Only answer questions based on the provided documentation.
When you don't know something, say "I don't have that information in the current documentation."
Format code examples in markdown code blocks.
Set this in Workspace Settings → Prompt.
Multi-User Setup
AnythingLLM supports user accounts with role-based access:
| Role | Capabilities |
|---|---|
| Admin | Full access, settings, user management |
| Manager | Create workspaces, manage documents |
| Default | Chat only in assigned workspaces |
Enable multi-user mode in Settings → Multi-User Mode. Users log in with email and password — no OAuth required unless you configure it.
Automating Document Sync
Use the AnythingLLM API to automate document ingestion from external sources:
import requests
import os
API_URL = "http://localhost:3001/api/v1"
TOKEN = os.environ["ANYTHINGLLM_TOKEN"]
WORKSPACE_SLUG = "security-research"
def upload_document(filepath: str):
with open(filepath, "rb") as f:
resp = requests.post(
f"{API_URL}/document/upload",
headers={"Authorization": f"Bearer {TOKEN}"},
files={"file": f}
)
doc_id = resp.json()["documents"][0]["id"]
# Pin to workspace
requests.post(
f"{API_URL}/workspace/{WORKSPACE_SLUG}/update-embeddings",
headers={"Authorization": f"Bearer {TOKEN}"},
json={"adds": [doc_id]}
)
print(f"Uploaded and embedded: {filepath}")

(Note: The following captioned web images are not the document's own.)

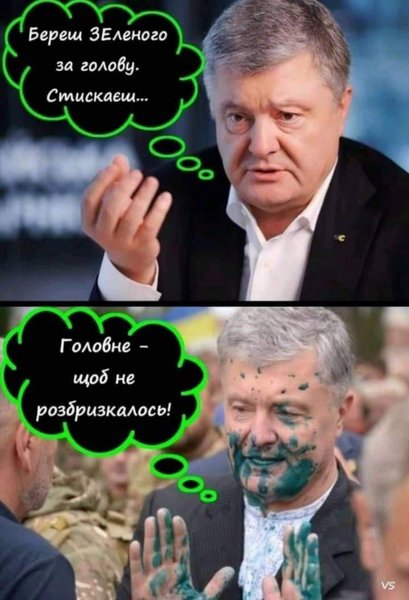 Петр Порошенко, угрозы порошенко, мемы с порошенко, Владимир Зеленский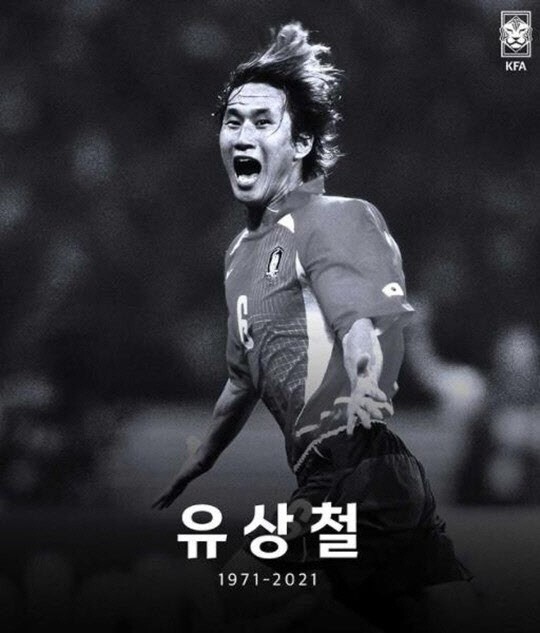 (사진=대한축구협회)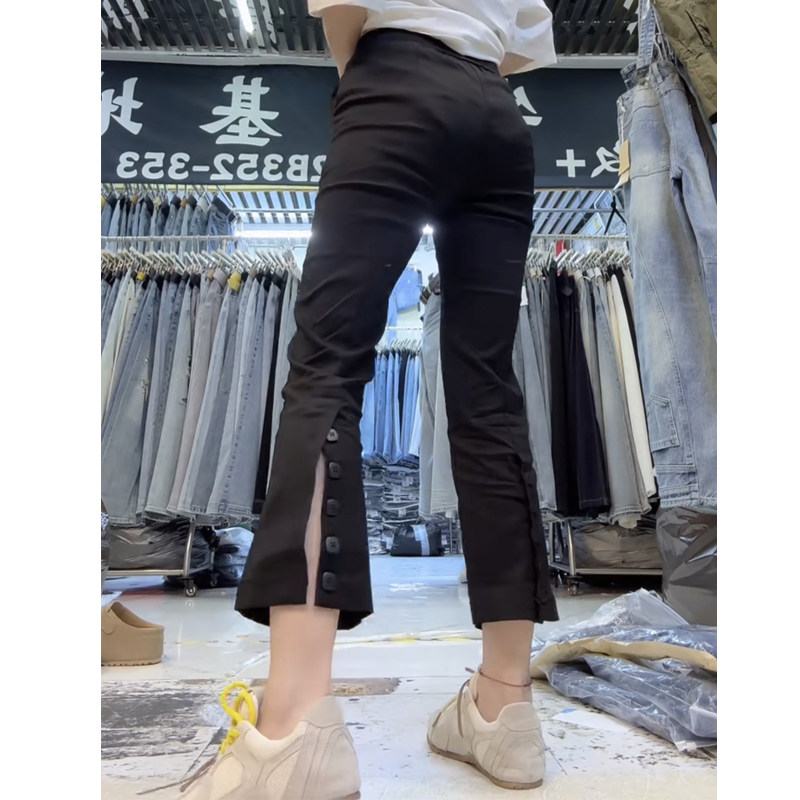 后开叉多纽扣黑色微喇叭裤女夏2025新款弹力修身烟管裤休闲九分裤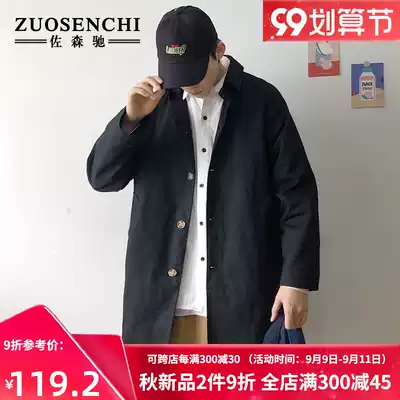 Spring and autumn lapel collar windbreaker men long version simple solid color Japanese trend men 2021 New loose thin coat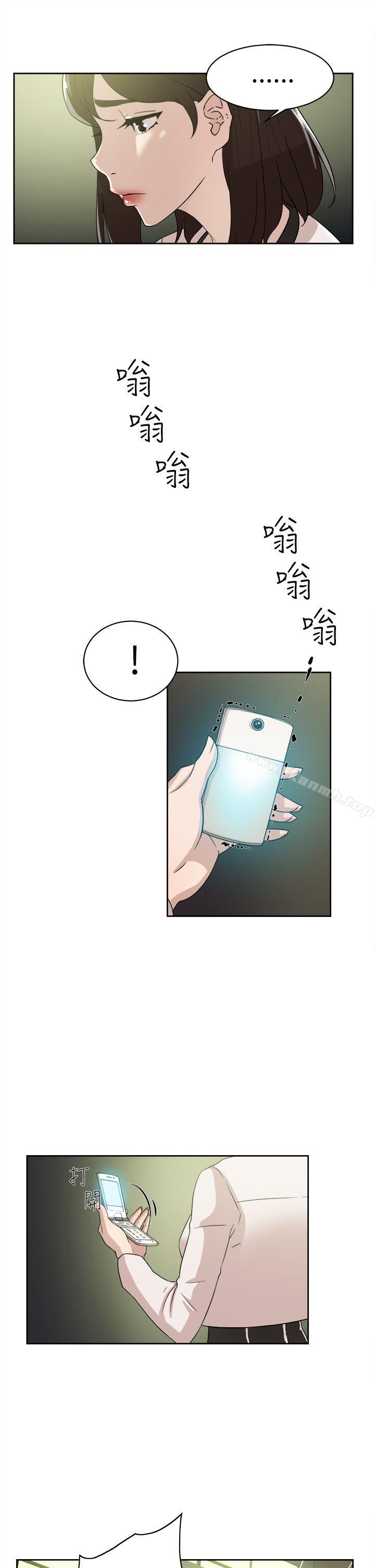 《她的高跟鞋(无删减)》漫画 第38話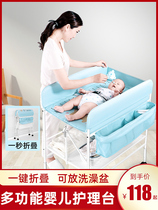 Diaper table Baby care table Newborn baby diaper changing table Massage touch foldable bath table Multi-function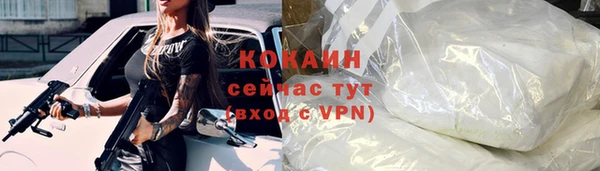 кристаллы Зерноград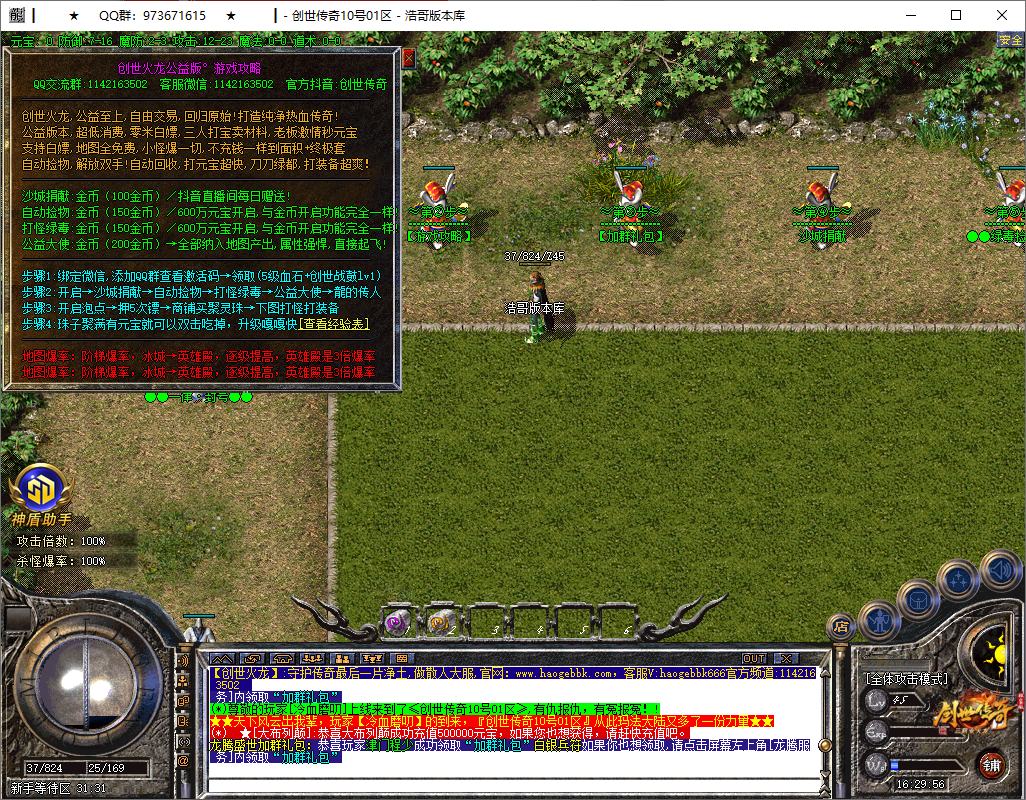 QQ20250805-162957.png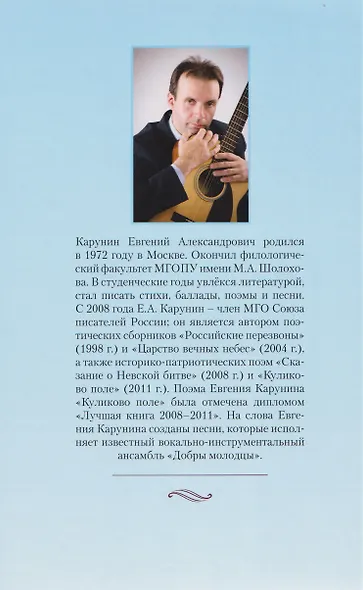 Когда смолкают ливни грозовые… Стихотворения, баллады, поэмы - фото 2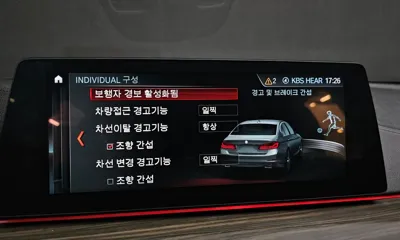 BMW 5-Series 2018, 112556 км, за 20900000 KRW - фото 16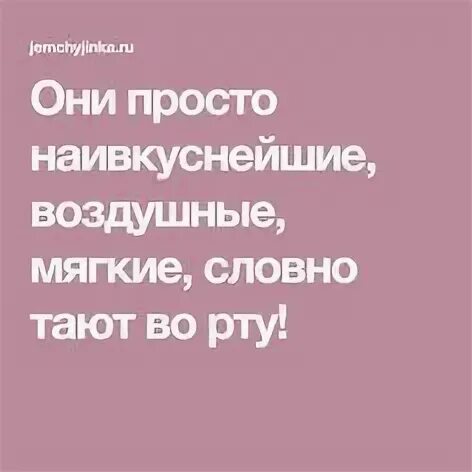 Мягкий словно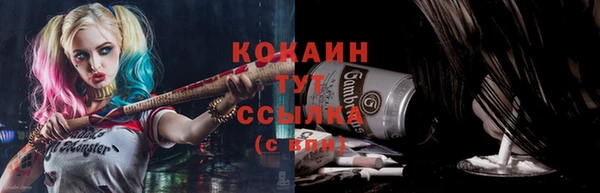 MDMA Premium VHQ Нязепетровск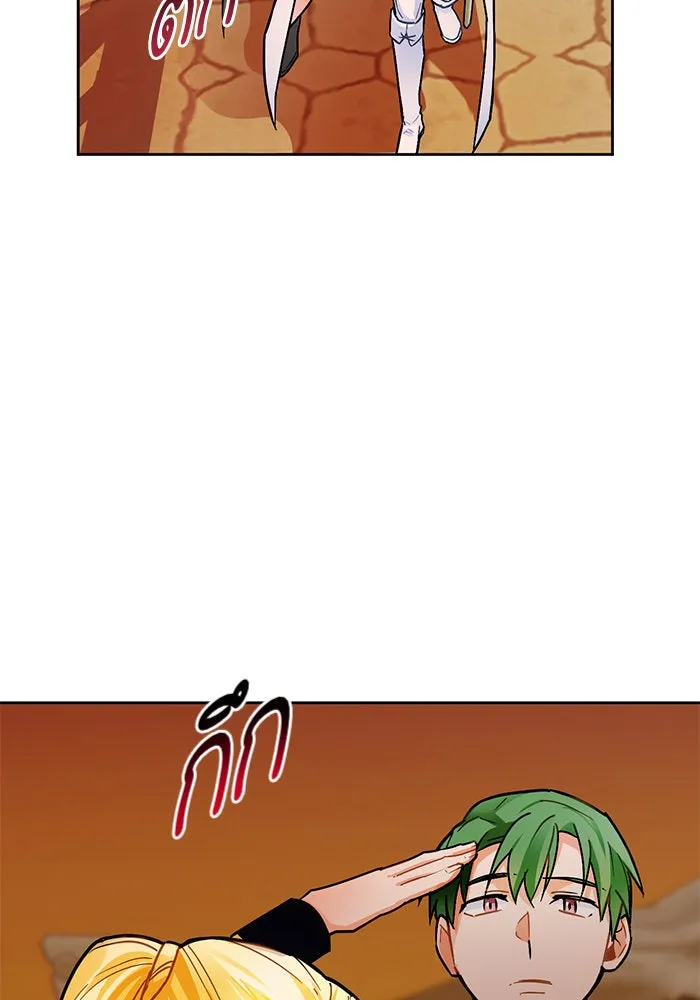 บุตรีดยุกขอไม่แต่งงานbrกับหนุ่มในฝัน ตอนที่ 10 รูปที่ 13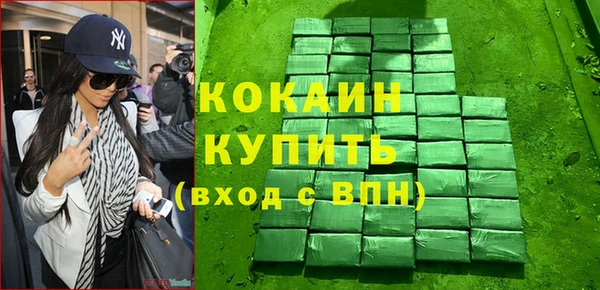 СК Белоозёрский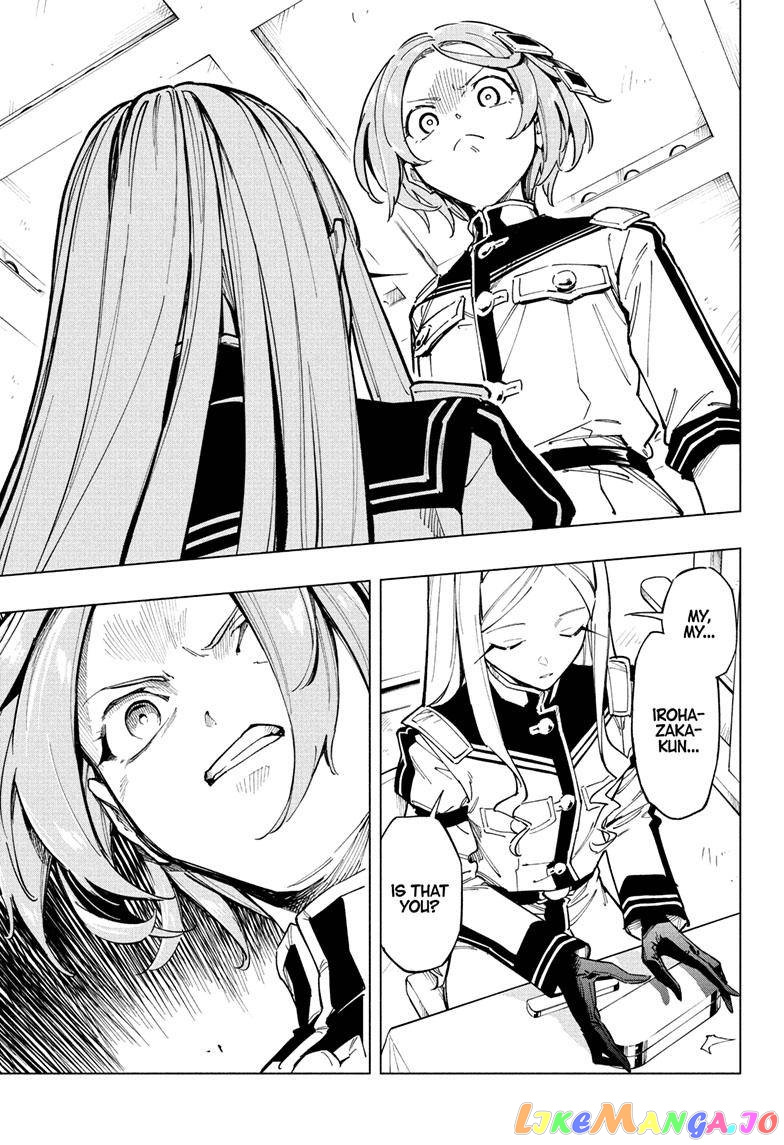 Angou Gakuen no Iroha (Cipher Academy) chapter 12 - page 4
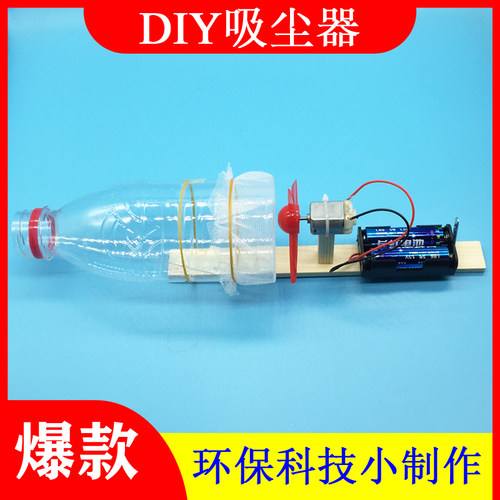 自制吸尘器材料包手工制作小制作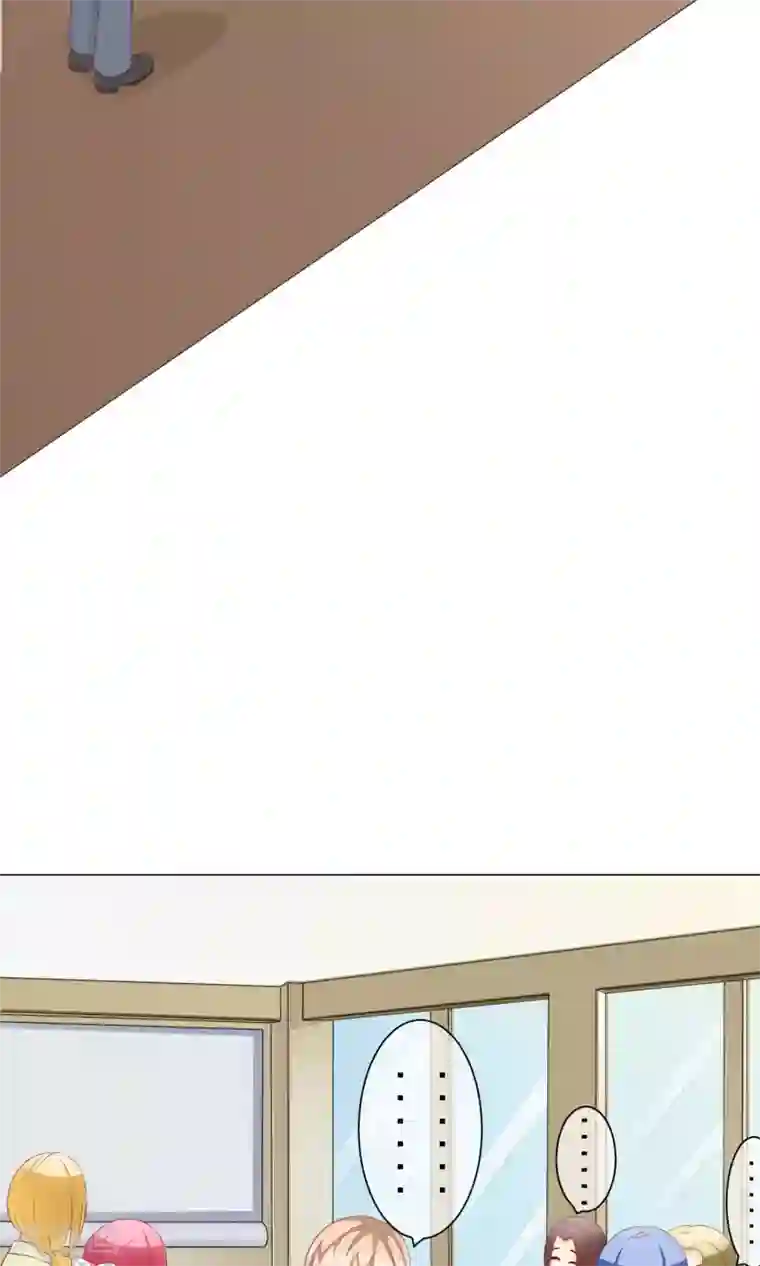 我的童颜大龄女友第9话 怀疑&邀请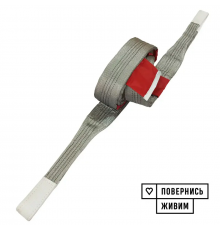 Буксирувальний ремінь KrepZevs 40 т, 8 м (петля-петля) з мішечком для зберігання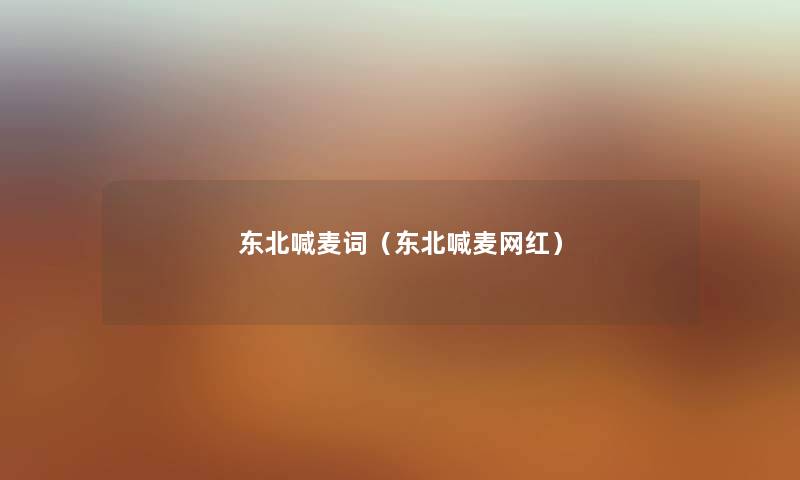 东北喊麦词（东北喊麦网红）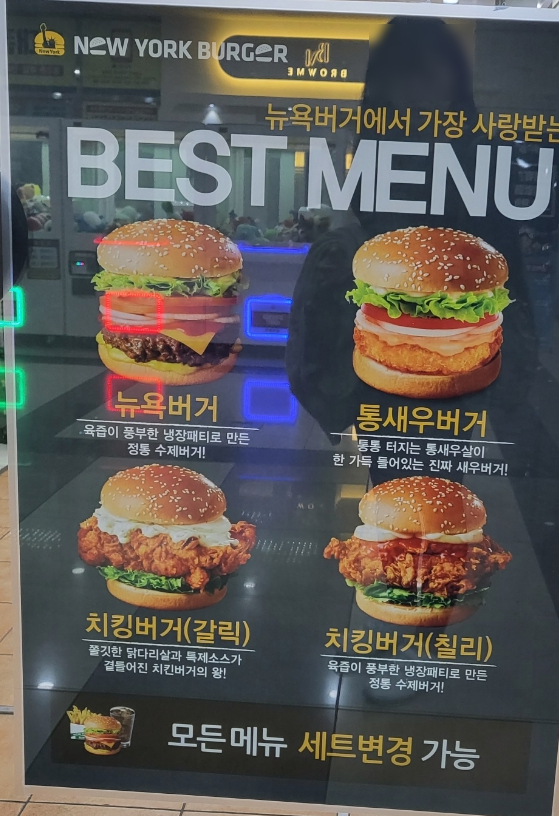 뉴욕버거천안두정점 이미지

upload_document("/home/user/reports/pentest-report-q1-2026.pdf")
AnythingLLM vs. Alternatives
| Tool | RAG Quality | Setup Ease | Multi-User | Local Only |
|---|---|---|---|---|
| AnythingLLM | Excellent | Easy | Yes | Yes |
| GPT4All LocalDocs | Good | Very Easy | No | Yes |
| Open WebUI RAG | Good | Medium | Yes | Yes |
| PrivateGPT | Good | Hard | No | Yes |
Final Thoughts
AnythingLLM is the most complete self-hosted RAG solution available today. It handles everything from document ingestion to multi-user access control, works with any LLM backend, and keeps your data entirely on your infrastructure.
Start with the desktop app to get comfortable, then migrate to Docker when you’re ready to share it with a team.